Unnamed: 0,total_seconds,power
0,0.0,126.4
3600,4117.0,96.9
7200,7717.0,96.6
10800,11317.0,96.5
14400,14917.0,98.1
...,...,...
6483600,7602576.0,66.8
6487200,7606402.0,67.6
6490800,7610228.0,66.9
6494400,7614055.0,66.9


In [81]:
energy_true_1h = (data_power_1h['power'] * 3600).sum()  # units: Watt * second
energy_true_1h = energy_true_1h / 3600  # units: Watt * hour
energy_true_1h = energy_true_1h / 1000  # units: Kilowatt * hour
print("Using 1 hour power intervals, the calculated energy consumed is " + str(round(energy_true_1h,3)) + " kWh.") 

Using 1 hour power intervals, the calculated energy consumed is 142.227 kWh.


### Compare "true" energy value with aggregated power values

In [82]:
print("True energy consumed: " + str(round(energy_true,3)) + " kWh.") 
print("Calculated energy using 5 second power intervals: " + str(round(energy_true_5s,3)) + " kWh.") 
print("Calculated energy using 10 second power intervals: " + str(round(energy_true_10s,3)) + " kWh.") 
print("Calculated energy using 30 second power intervals: " + str(round(energy_true_30s,3)) + " kWh.") 
print("Calculated energy using 1 minute power intervals: " + str(round(energy_true_1m,3)) + " kWh.") 
print("Calculated energy using 5 minute power intervals: " + str(round(energy_true_5m,3)) + " kWh.") 
print("Calculated energy using 1 hour power intervals: " + str(round(energy_true_1h,3)) + " kWh.") 

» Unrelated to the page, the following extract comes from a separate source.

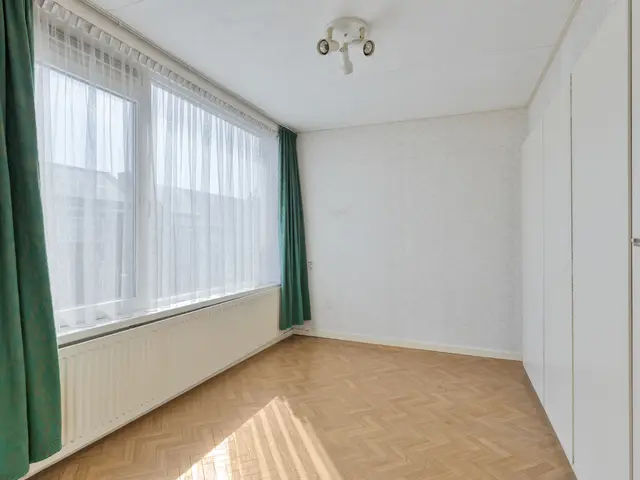 Dekkerstraat 42, BEVERWIJK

True energy consumed: 141.946 kWh.
Calculated energy using 5 second power intervals: 141.949 kWh.
Calculated energy using 10 second power intervals: 141.96 kWh.
Calculated energy using 30 second power intervals: 141.974 kWh.
Calculated energy using 1 minute power intervals: 141.987 kWh.
Calculated energy using 5 minute power intervals: 141.989 kWh.
Calculated energy using 1 hour power intervals: 142.227 kWh.